About Reimagining the Programming Text Editor


I first explored the idea of presenting a single file in multiple columns like a newspaper. Source code is often aligned to relatively tight widths because it is easier to scan vertically than to scan lines of greatly varying varying width. Most text editors and IDEs are set up to show one file and switch between them. Even though IDEs like Visual Studio technically allow multiple files, the arrangement of these is such a pain that it remains easier to treat them the same way - a single active file at a time. If we have one file open, with a tight column width then we’re not using a sizeable portion of a widescreen monitor. The column approach allowed a much denser display but felt strange to navigate.

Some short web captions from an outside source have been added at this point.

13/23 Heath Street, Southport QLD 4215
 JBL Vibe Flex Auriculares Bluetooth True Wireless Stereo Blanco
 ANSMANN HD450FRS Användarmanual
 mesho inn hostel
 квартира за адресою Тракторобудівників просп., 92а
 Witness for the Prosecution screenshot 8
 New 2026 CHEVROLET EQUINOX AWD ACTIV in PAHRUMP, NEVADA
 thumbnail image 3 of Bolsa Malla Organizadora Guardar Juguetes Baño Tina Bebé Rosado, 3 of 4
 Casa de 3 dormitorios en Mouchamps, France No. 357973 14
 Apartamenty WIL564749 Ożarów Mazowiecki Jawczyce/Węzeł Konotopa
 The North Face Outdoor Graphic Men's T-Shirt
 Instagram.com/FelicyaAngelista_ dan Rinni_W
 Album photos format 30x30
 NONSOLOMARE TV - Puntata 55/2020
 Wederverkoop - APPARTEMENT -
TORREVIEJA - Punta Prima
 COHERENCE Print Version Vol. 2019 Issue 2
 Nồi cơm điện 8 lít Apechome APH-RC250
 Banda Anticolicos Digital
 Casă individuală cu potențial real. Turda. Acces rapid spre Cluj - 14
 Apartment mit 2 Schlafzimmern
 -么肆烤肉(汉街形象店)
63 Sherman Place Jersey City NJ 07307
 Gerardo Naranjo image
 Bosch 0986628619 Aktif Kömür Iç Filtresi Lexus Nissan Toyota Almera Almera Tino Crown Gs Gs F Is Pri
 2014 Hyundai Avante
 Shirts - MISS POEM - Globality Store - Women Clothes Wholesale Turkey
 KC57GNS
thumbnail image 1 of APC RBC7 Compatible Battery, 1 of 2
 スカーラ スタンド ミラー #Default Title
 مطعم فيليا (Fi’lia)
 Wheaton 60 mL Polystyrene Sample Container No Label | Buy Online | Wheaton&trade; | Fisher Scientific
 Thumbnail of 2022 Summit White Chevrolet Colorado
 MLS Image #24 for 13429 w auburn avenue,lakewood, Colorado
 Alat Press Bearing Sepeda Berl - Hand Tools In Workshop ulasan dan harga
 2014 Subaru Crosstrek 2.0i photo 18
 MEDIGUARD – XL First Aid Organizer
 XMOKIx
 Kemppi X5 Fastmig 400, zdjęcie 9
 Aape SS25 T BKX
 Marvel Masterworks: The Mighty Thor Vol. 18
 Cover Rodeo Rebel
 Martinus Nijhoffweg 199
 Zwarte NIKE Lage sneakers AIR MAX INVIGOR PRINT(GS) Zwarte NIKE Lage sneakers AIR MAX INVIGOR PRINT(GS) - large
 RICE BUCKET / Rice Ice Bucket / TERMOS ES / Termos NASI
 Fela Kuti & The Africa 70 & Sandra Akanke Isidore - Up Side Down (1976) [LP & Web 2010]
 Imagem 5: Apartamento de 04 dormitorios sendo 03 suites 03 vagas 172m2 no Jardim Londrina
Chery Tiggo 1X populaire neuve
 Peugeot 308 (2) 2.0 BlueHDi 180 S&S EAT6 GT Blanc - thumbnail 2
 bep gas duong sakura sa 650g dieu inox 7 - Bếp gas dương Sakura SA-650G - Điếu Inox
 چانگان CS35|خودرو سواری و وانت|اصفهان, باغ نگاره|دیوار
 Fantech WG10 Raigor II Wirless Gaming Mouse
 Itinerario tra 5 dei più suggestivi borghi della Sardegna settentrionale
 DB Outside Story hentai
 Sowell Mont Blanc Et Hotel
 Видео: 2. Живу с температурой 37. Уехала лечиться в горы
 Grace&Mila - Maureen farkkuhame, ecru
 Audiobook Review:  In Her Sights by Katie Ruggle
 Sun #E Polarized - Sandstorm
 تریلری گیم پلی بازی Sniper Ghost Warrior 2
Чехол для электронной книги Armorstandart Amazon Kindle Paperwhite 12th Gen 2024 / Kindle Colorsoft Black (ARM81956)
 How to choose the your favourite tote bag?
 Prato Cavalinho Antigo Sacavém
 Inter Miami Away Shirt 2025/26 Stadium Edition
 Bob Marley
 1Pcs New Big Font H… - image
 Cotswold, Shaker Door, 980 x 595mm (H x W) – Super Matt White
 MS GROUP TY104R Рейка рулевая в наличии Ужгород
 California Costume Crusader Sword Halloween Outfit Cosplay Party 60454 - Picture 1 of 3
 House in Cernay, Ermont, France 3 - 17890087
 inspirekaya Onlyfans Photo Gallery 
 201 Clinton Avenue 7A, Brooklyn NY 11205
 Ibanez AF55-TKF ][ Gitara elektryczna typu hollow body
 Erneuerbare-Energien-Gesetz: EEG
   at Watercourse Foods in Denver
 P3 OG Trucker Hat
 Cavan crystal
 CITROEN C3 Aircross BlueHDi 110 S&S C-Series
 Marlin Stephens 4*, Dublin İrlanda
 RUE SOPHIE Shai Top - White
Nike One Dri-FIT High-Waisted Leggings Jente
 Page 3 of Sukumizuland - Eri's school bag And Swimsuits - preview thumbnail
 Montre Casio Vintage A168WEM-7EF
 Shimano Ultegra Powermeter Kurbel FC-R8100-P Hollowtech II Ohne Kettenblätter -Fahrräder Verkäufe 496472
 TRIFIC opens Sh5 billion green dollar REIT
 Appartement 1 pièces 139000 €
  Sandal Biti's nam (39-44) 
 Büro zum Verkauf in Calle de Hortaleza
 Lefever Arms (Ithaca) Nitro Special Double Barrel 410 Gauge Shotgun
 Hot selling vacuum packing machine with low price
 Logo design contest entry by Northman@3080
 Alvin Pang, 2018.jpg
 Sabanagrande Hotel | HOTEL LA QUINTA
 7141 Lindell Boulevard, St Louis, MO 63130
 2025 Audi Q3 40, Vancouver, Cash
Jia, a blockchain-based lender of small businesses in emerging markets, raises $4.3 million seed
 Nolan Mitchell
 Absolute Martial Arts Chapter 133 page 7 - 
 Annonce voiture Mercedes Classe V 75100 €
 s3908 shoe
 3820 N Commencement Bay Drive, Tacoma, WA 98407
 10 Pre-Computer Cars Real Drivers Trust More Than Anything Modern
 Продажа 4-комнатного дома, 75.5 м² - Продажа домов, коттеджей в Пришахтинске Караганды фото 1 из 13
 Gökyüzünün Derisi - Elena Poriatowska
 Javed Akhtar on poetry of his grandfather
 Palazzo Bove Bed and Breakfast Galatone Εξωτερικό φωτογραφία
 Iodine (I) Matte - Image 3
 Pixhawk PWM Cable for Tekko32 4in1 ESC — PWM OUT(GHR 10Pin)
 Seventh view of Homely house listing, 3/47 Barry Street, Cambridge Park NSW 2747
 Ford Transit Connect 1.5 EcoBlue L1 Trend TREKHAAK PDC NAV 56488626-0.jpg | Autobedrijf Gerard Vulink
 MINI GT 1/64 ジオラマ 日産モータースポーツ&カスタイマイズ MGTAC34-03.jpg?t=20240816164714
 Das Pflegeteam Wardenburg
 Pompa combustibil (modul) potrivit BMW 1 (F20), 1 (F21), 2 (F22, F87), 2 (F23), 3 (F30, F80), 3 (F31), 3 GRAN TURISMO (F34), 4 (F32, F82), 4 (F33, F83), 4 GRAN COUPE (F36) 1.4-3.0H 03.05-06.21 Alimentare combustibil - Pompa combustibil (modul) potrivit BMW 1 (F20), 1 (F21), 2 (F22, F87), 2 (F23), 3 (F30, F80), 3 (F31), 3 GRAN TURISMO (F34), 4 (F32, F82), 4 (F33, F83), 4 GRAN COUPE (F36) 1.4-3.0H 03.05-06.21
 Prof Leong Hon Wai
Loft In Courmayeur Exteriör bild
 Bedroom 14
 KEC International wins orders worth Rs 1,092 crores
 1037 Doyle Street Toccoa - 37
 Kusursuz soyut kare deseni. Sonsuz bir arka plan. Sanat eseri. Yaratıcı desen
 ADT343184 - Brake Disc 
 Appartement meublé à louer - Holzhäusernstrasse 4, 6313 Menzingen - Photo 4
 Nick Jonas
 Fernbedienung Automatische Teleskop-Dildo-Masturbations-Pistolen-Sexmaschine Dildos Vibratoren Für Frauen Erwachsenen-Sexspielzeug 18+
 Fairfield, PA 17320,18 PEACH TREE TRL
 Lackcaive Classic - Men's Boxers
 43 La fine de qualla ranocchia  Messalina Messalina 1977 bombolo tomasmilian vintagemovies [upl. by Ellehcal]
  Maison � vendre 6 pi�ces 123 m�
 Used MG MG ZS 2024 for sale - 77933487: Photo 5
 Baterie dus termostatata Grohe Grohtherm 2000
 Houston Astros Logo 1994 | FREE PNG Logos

I abandoned this approach early to concentrate on the second idea but I had considered allowing the whole view to scroll horizontally and to adjust the scrolling to work on whole pages rather than lines.

The next idea was an attempt to use the second half of the widescreen to combine the idea of multiple buffers with easy access to pertinent parts of the code base. I decided at some point to call these “portals”. Each portal is a live view into a fixed section of a file. If I insert text in the document above the section of the portal then the portal stays as it is and is effectively shunted down. If I make changes inside a portal then these are reflected into the main document. I envisage navigating the code pulling the key parts into portals and then performing a task, readily switching between the different portals as the code grows organically in each area.

I learned that writing a basic functioning text editor is much more straightforward than I had imagined. I think that there was enough in the feel of editing using portals to consider developing the text editor further to become my daily driver (much easier than making a generally available editor!)

Things I’d want to try next…

  1. Use Odin’s parser to find functions and add the ability to create portals from a “Jump to definition”.
  2. Figure out a way to manage the portals well when you have more larger portals
  3. Add the ability to have portals into different files
  4. Consider whether inline portals work (I.e you “goto definition” in place - like VS Code Peek Definition but persistent in that location in the file).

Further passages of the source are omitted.